--- Records to use ---
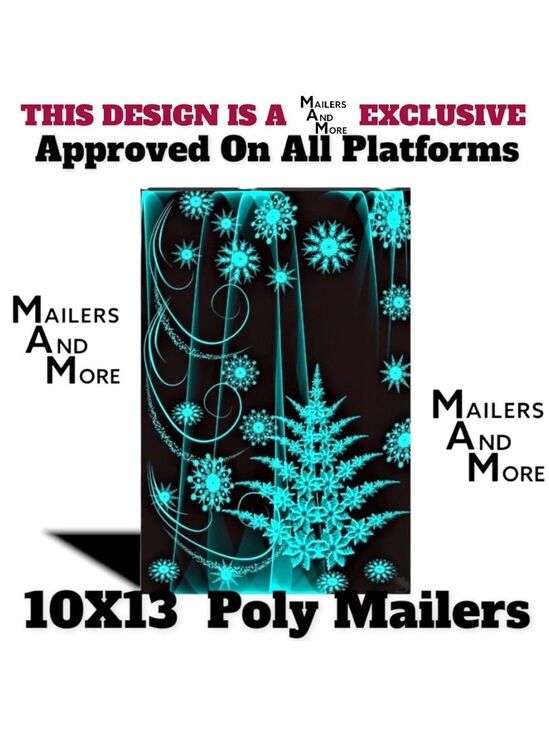 Mailers And More Other - 100 10X13 Emerald Tree Poly Mailers Shipping Envelopes Bags PRICE IS FIRM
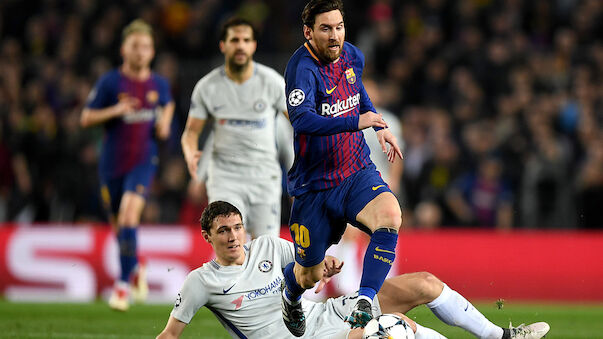 Messi zaubert Barcelona eine Runde weiter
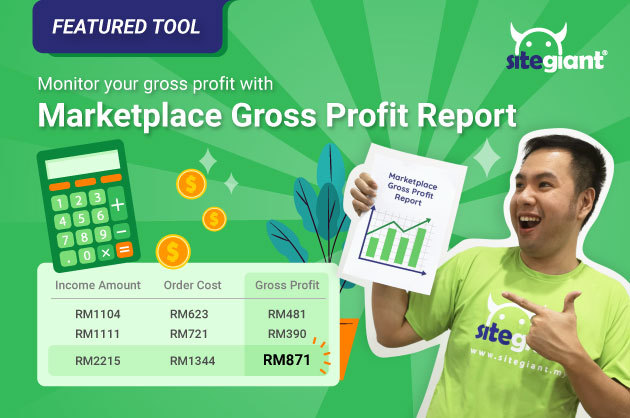 Marketplace Gross Profit Report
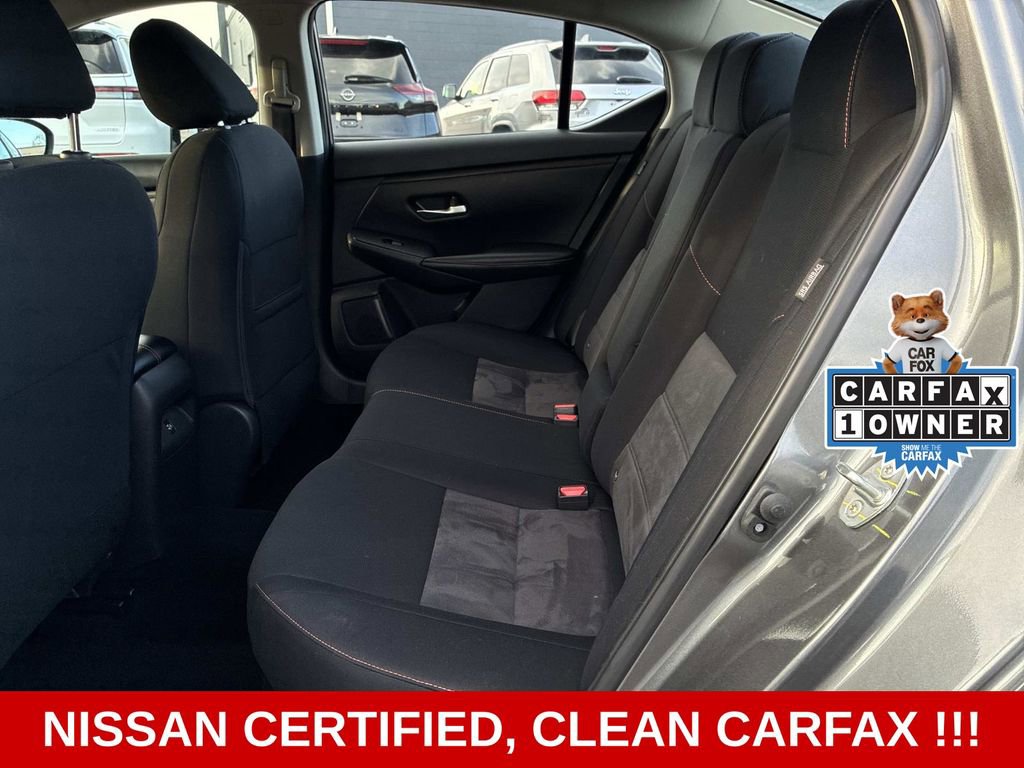 Certified 2023 Nissan Sentra SR w/ Midnight Edition Package FWD image 16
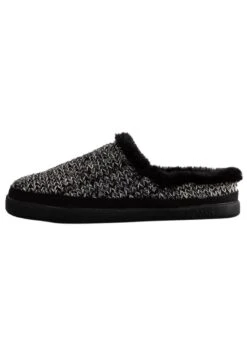 Toms Sage - Pantoffels - Black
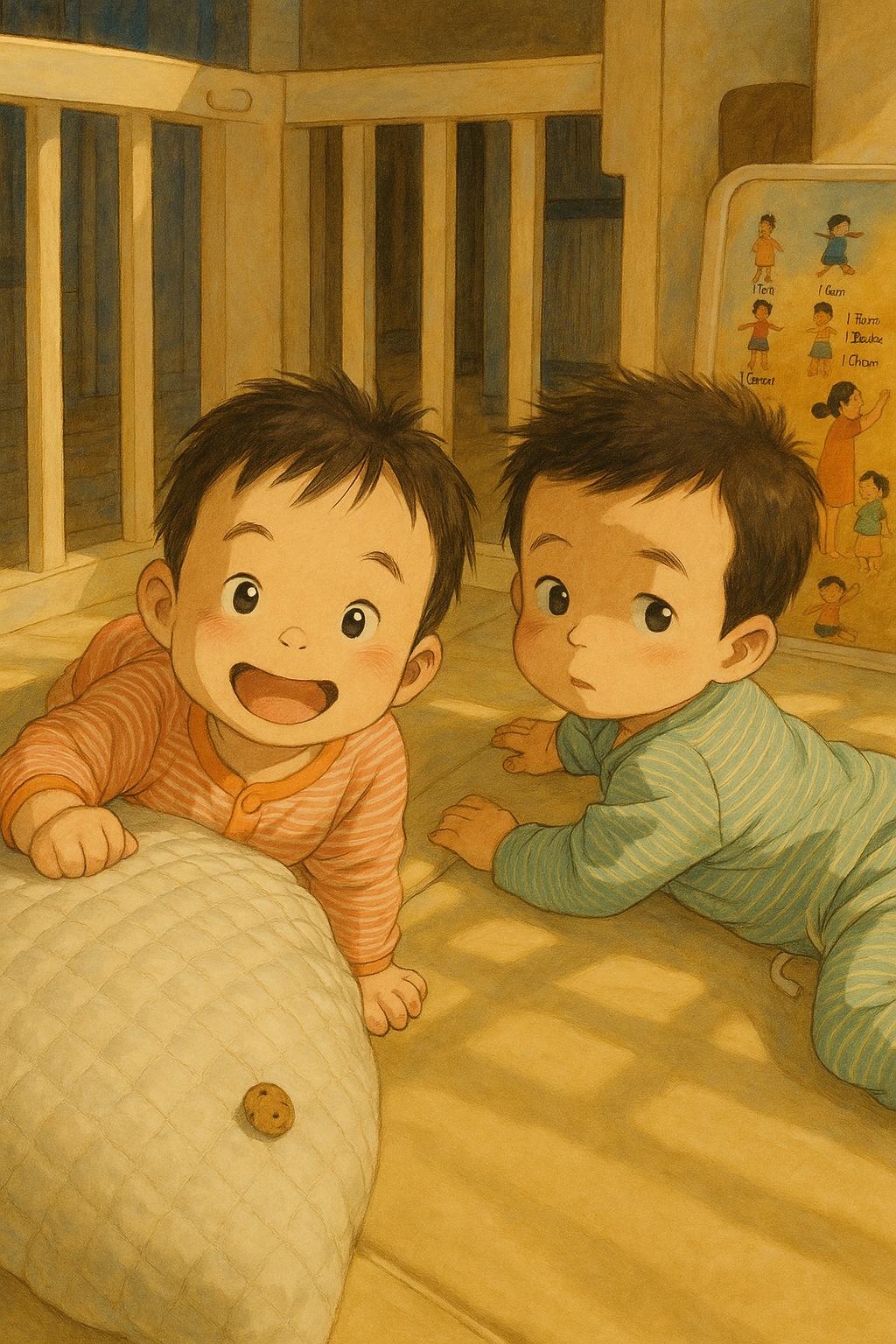 12개월 쌍둥이 케어해주실분 찾아요 (09~13시) 공고 썸네일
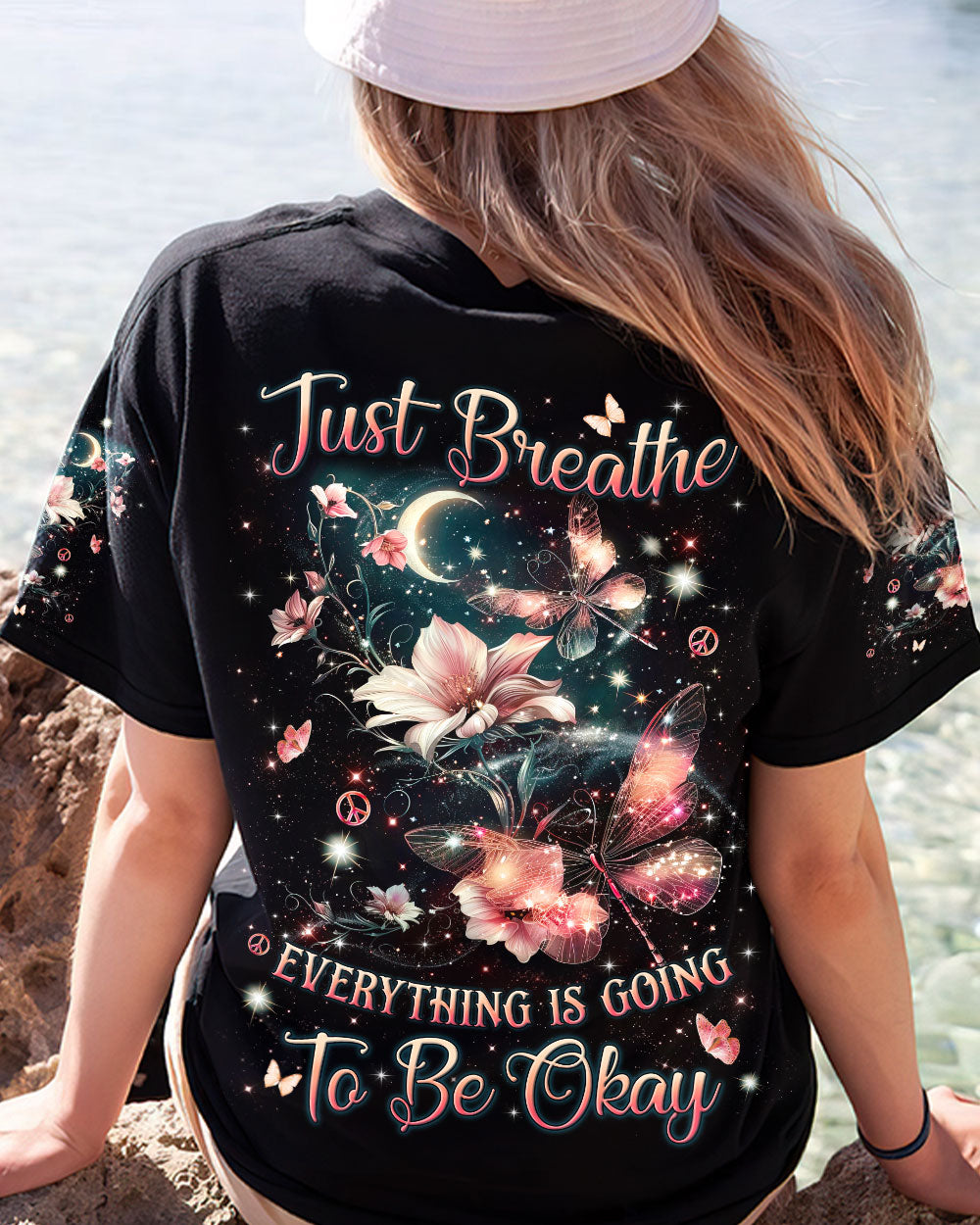 JUST BREATHE ALL OVER PRINT - YHLN1503242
---
What you are asked to do: Copy every record exactly, but skip the pictures.

Exercise answer:
 Mailers And More Other - 100 10X13 Emerald Tree Poly Mailers Shipping Envelopes Bags PRICE IS FIRM
 Messi zaubert Barcelona eine Runde weiter
 Marketplace Gross Profit Report
 Certified 2023 Nissan Sentra SR w/ Midnight Edition Package FWD image 16
 Toms Sage - Pantoffels - Black
 12개월 쌍둥이 케어해주실분 찾아요 (09~13시) 공고 썸네일
 JUST BREATHE ALL OVER PRINT - YHLN1503242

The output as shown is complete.